**Prompt**
Give the listing again word for word. Leave every image out.

**Provided data**
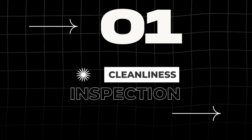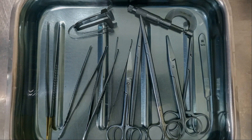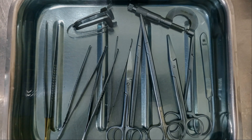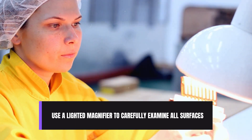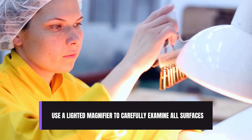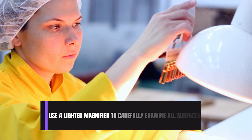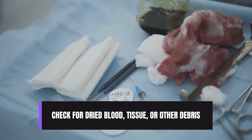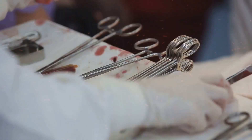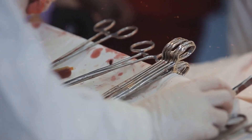First, cleanliness inspection. Even the smallest residue can compromise sterilization and pose a risk to patients. Use a lighted magnifier to carefully examine all surfaces of the instrument, paying special attention to hinges, box locks, and serrations. Check for dried blood, tissue, and other debris. Stains should not be confused with residual bioburden. When in doubt, re-clean the instrument.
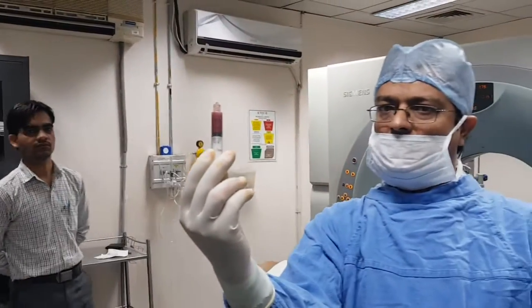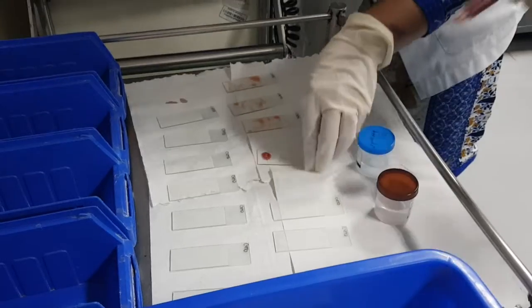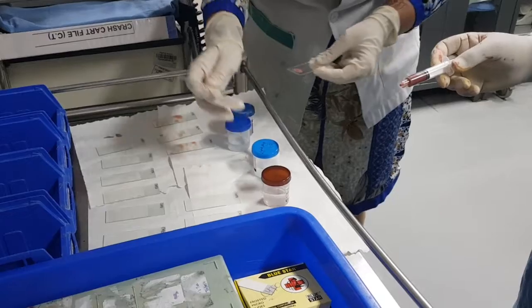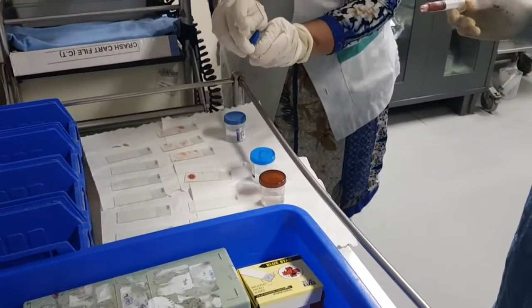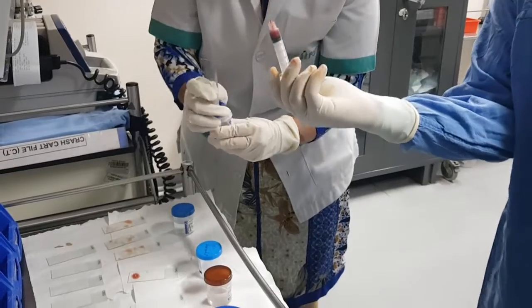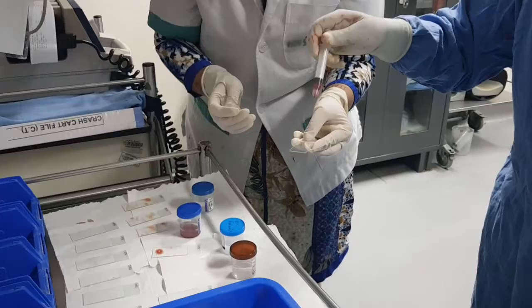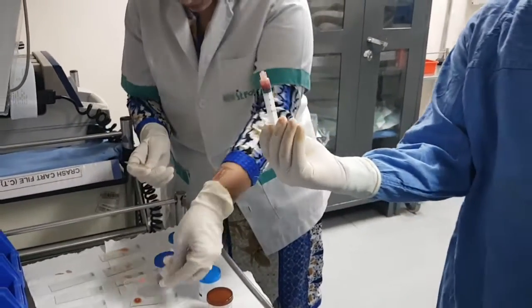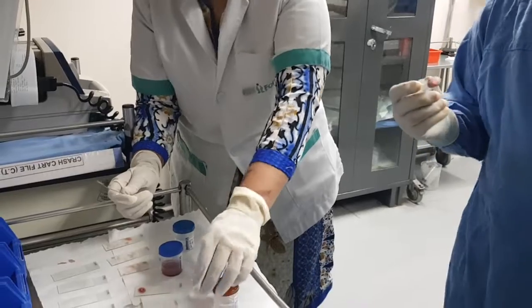We put it here — this is how it is. Take it in the culture sensitivity bottle. We are taking some material in saline. This material we would like to send for gene expert. We've taken some slides — not formalin — solid material.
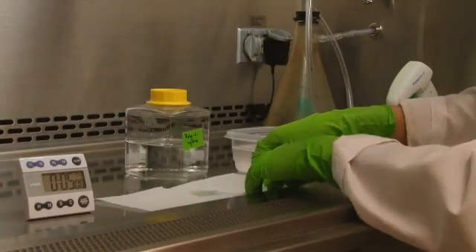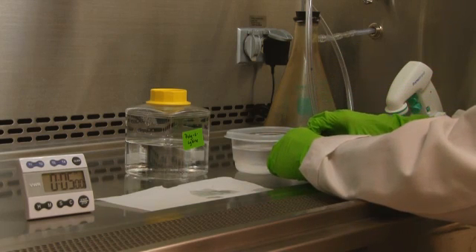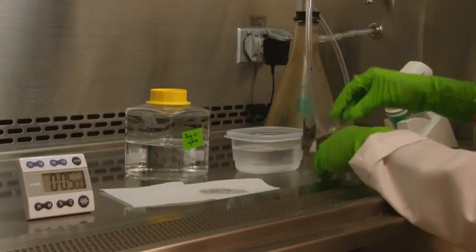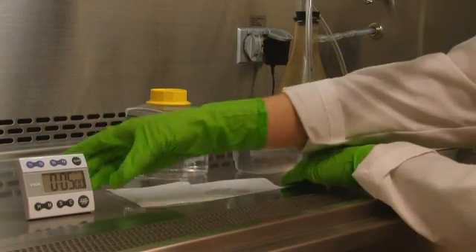As an optional step, you can place the cover slips into a subbing rack and submerge it in a 0.1 mg per ml solution of gelatin or polylysine for 5 minutes. These coatings aid in providing additional adherence of cells to the cover slips, ensuring they are not detached during later wash steps.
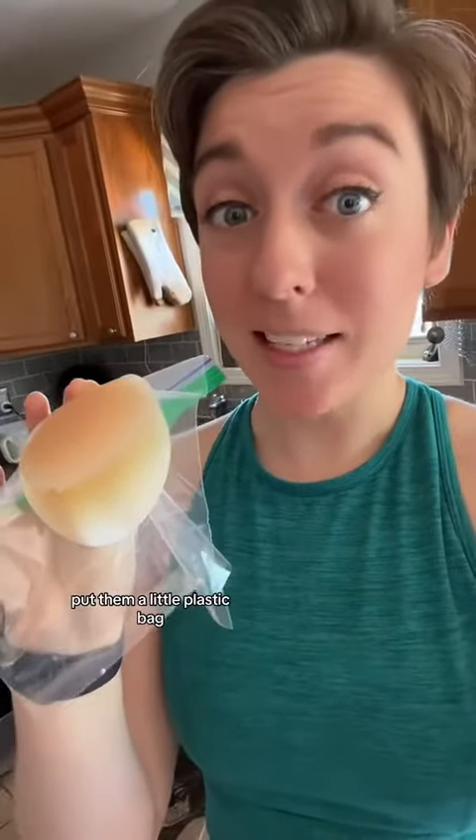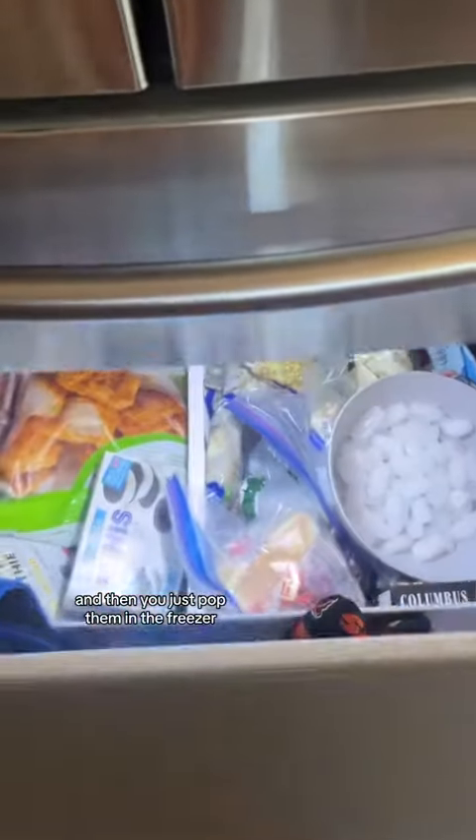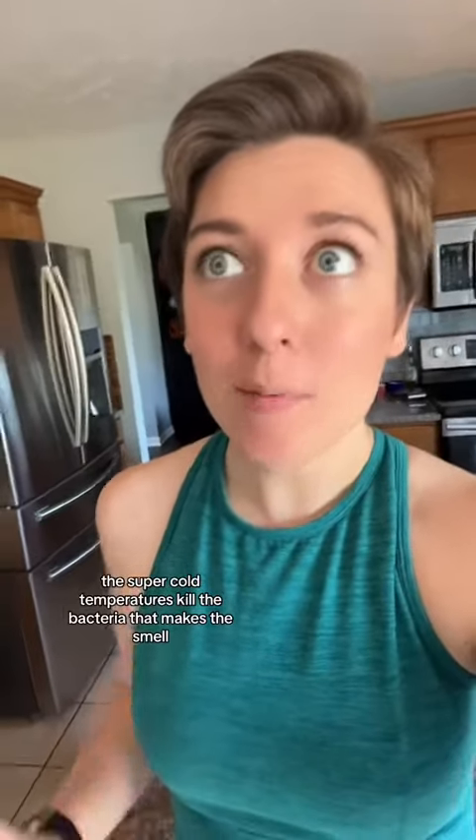All you have to do is take the pasties, put them in a little plastic bag. I like to line them so they're sticky side out, and then you just pop them in the freezer. The super cold temperatures kill the bacteria that makes the smell, and then they're good to go again.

**Expected answer**
First, cleanliness inspection. Even the smallest residue can compromise sterilization and pose a risk to patients. Use a lighted magnifier to carefully examine all surfaces of the instrument, paying special attention to hinges, box locks, and serrations. Check for dried blood, tissue, and other debris. Stains should not be confused with residual bioburden. When in doubt, re-clean the instrument.
We put it here — this is how it is. Take it in the culture sensitivity bottle. We are taking some material in saline. This material we would like to send for gene expert. We've taken some slides — not formalin — solid material.
As an optional step, you can place the cover slips into a subbing rack and submerge it in a 0.1 mg per ml solution of gelatin or polylysine for 5 minutes. These coatings aid in providing additional adherence of cells to the cover slips, ensuring they are not detached during later wash steps.
All you have to do is take the pasties, put them in a little plastic bag. I like to line them so they're sticky side out, and then you just pop them in the freezer. The super cold temperatures kill the bacteria that makes the smell, and then they're good to go again.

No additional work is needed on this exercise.